It’s a scene straight out of a movie: a cop grabs his gun to shoot at a suspect driving towards him. He pulls the trigger, firing a single bullet . The car rolls to a stop, and the suspect slumps behind the wheel.
“This is nonsense,” says Geoffrey Alpert, a policing expert at the University of South Carolina. In reality, he explains, the scenario plays out much differently: police officers who shoot at moving cars miss their targets far more than they hit them, unintentionally striking nearby bystanders.
“A bullet is simply no match for 2,000 pounds of moving projectile,” says Thomas Streed, a San Diego psychologist and former homicide detective.
In recent years, law enforcement agencies across the country have introduced stricter policies dictating when officers can justifiably shoot into moving vehicles. This week, Denver issued new, more detailed rules stating that officers can only shoot at moving vehicles if an occupant is using deadly force against the officers, such as firing a gun. The policy change followed the death in January of Jessica Hernandez, a 17-year-old girl who was shot and killed by two officers while she was behind the wheel of a stolen vehicle. Officers say she drove towards them and refused to stop. No charges were pressed against the officers.

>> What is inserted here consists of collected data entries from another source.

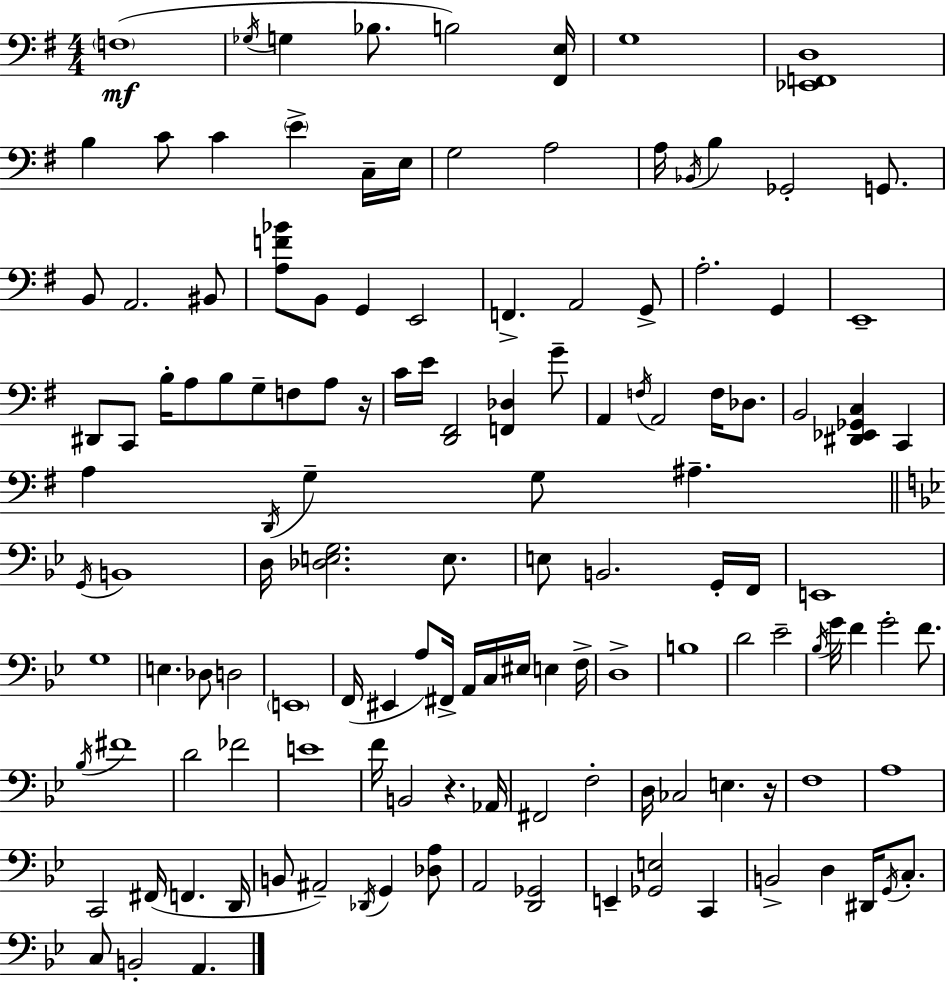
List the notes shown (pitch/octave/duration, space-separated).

F3/w Gb3/s G3/q Bb3/e. B3/h [F#2,E3]/s G3/w [Eb2,F2,D3]/w B3/q C4/e C4/q E4/q C3/s E3/s G3/h A3/h A3/s Bb2/s B3/q Gb2/h G2/e. B2/e A2/h. BIS2/e [A3,F4,Bb4]/e B2/e G2/q E2/h F2/q. A2/h G2/e A3/h. G2/q E2/w D#2/e C2/e B3/s A3/e B3/e G3/e F3/e A3/e R/s C4/s E4/s [D2,F#2]/h [F2,Db3]/q G4/e A2/q F3/s A2/h F3/s Db3/e. B2/h [D#2,Eb2,Gb2,C3]/q C2/q A3/q D2/s G3/q G3/e A#3/q. G2/s B2/w D3/s [Db3,E3,G3]/h. E3/e. E3/e B2/h. G2/s F2/s E2/w G3/w E3/q. Db3/e D3/h E2/w F2/s EIS2/q A3/e F#2/s A2/s C3/s EIS3/s E3/q F3/s D3/w B3/w D4/h Eb4/h Bb3/s G4/s F4/q G4/h F4/e. Bb3/s F#4/w D4/h FES4/h E4/w F4/s B2/h R/q. Ab2/s F#2/h F3/h D3/s CES3/h E3/q. R/s F3/w A3/w C2/h F#2/s F2/q. D2/s B2/e A#2/h Db2/s G2/q [Db3,A3]/e A2/h [D2,Gb2]/h E2/q [Gb2,E3]/h C2/q B2/h D3/q D#2/s G2/s C3/e. C3/e B2/h A2/q.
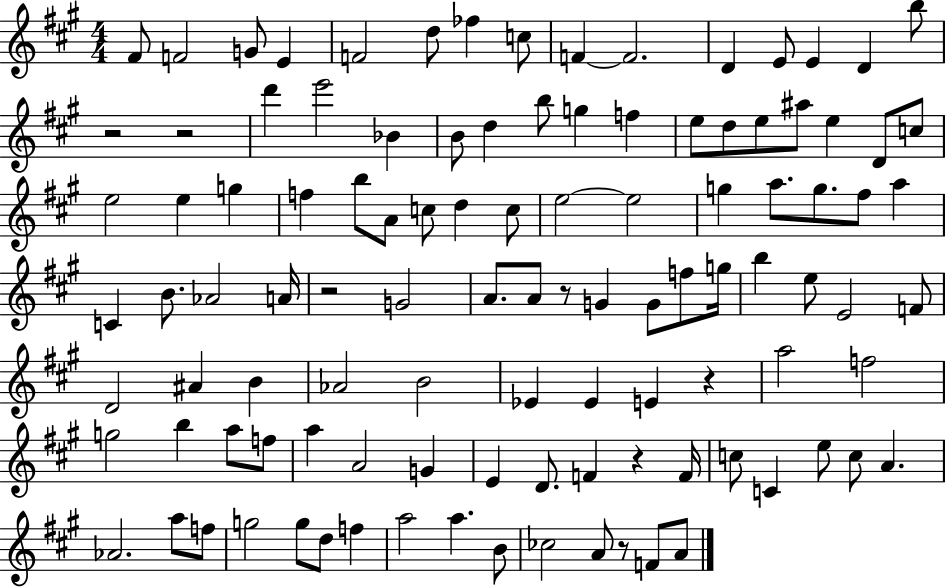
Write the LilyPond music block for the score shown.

{
  \clef treble
  \numericTimeSignature
  \time 4/4
  \key a \major
  \repeat volta 2 { fis'8 f'2 g'8 e'4 | f'2 d''8 fes''4 c''8 | f'4~~ f'2. | d'4 e'8 e'4 d'4 b''8 | \break r2 r2 | d'''4 e'''2 bes'4 | b'8 d''4 b''8 g''4 f''4 | e''8 d''8 e''8 ais''8 e''4 d'8 c''8 | \break e''2 e''4 g''4 | f''4 b''8 a'8 c''8 d''4 c''8 | e''2~~ e''2 | g''4 a''8. g''8. fis''8 a''4 | \break c'4 b'8. aes'2 a'16 | r2 g'2 | a'8. a'8 r8 g'4 g'8 f''8 g''16 | b''4 e''8 e'2 f'8 | \break d'2 ais'4 b'4 | aes'2 b'2 | ees'4 ees'4 e'4 r4 | a''2 f''2 | \break g''2 b''4 a''8 f''8 | a''4 a'2 g'4 | e'4 d'8. f'4 r4 f'16 | c''8 c'4 e''8 c''8 a'4. | \break aes'2. a''8 f''8 | g''2 g''8 d''8 f''4 | a''2 a''4. b'8 | ces''2 a'8 r8 f'8 a'8 | \break } \bar "|."
}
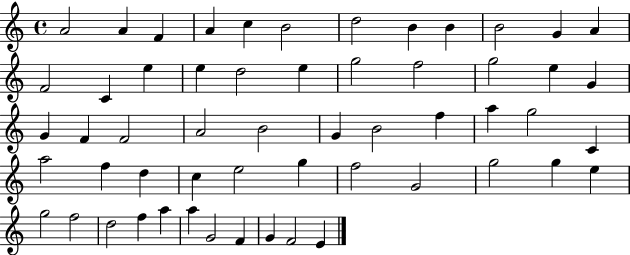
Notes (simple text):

A4/h A4/q F4/q A4/q C5/q B4/h D5/h B4/q B4/q B4/h G4/q A4/q F4/h C4/q E5/q E5/q D5/h E5/q G5/h F5/h G5/h E5/q G4/q G4/q F4/q F4/h A4/h B4/h G4/q B4/h F5/q A5/q G5/h C4/q A5/h F5/q D5/q C5/q E5/h G5/q F5/h G4/h G5/h G5/q E5/q G5/h F5/h D5/h F5/q A5/q A5/q G4/h F4/q G4/q F4/h E4/q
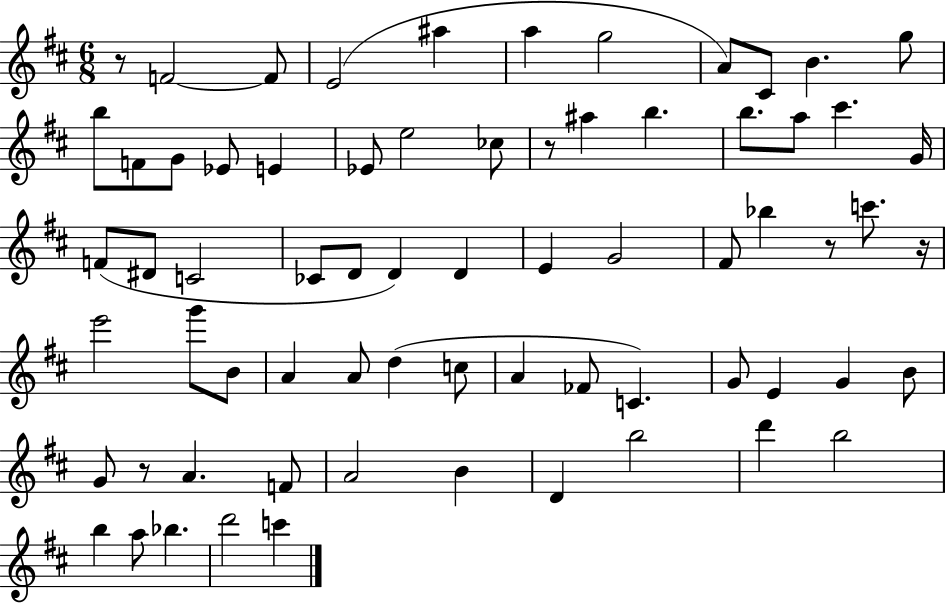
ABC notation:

X:1
T:Untitled
M:6/8
L:1/4
K:D
z/2 F2 F/2 E2 ^a a g2 A/2 ^C/2 B g/2 b/2 F/2 G/2 _E/2 E _E/2 e2 _c/2 z/2 ^a b b/2 a/2 ^c' G/4 F/2 ^D/2 C2 _C/2 D/2 D D E G2 ^F/2 _b z/2 c'/2 z/4 e'2 g'/2 B/2 A A/2 d c/2 A _F/2 C G/2 E G B/2 G/2 z/2 A F/2 A2 B D b2 d' b2 b a/2 _b d'2 c'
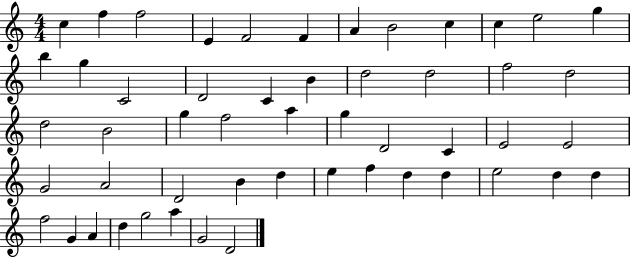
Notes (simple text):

C5/q F5/q F5/h E4/q F4/h F4/q A4/q B4/h C5/q C5/q E5/h G5/q B5/q G5/q C4/h D4/h C4/q B4/q D5/h D5/h F5/h D5/h D5/h B4/h G5/q F5/h A5/q G5/q D4/h C4/q E4/h E4/h G4/h A4/h D4/h B4/q D5/q E5/q F5/q D5/q D5/q E5/h D5/q D5/q F5/h G4/q A4/q D5/q G5/h A5/q G4/h D4/h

Similar incidents have prompted law enforcement agencies across the country to adopt stricter rules. In 2011, Miami Beach officers fired 116 rounds into an erratic car, killing the drunk driver and injuring four bystanders. In 2012, Cleveland law enforcement disciplined 12 officers who fired a combined 137 shots at a fleeing vehicle, killing the two suspects inside. In neither incidents did the suspects threaten officers with guns.
Based on recommendations from Chuck Wexler, the executive director of the Police Executive Research Forum, police officials in Miami Beach and Cleveland revised their use-of-force policies after those incidents, instructing officers not to shoot at moving vehicles except when fired at first. “Even if a guy is trying to escape, has he done something that justifies the death penalty?” says Alpert.
The challenge for police departments, says Jim Bueermann, a former police chief who heads the Police Foundation, is crafting a policy that is flexible enough to accommodate the unpredictable nature of police work.
The next task is getting word out to the rank-and-file about those new rules. According to Lt. John Stanford, a Philadelphia police spokesman, when the department tried to implement policy changes, officers were repeatedly informed of those changes in daily team meetings and were subsequently asked to “sign-off on a written copy of the updated policy.”
But while law enforcement agencies have largely heeded calls for reform, those changes will be tested when officers are reacting in the moment. Since 2002, despite instructions from top brass to limit using their guns against moving vehicles, Philadelphia police officers have “shot 43 people in vehicles, killing eight of them,” according to a report in Philly.com.
Officers only have a “nanosecond or maybe a bit more to factor in all the criteria,” says Streed, before deciding whether to pull their guns out. He describes an officer’s typical physiological reaction in the moment: “Their hearts start beating fast, they begin breathing heavily, and they have a narrowing of vision.”
Under these circumstances and with little time to assess a situation, how do officers make sound decisions about firing their guns at vehicles? The solution, says Wexler, is to never reach that point. Let suspects escape in their cars without confrontation, and “get a warrant.”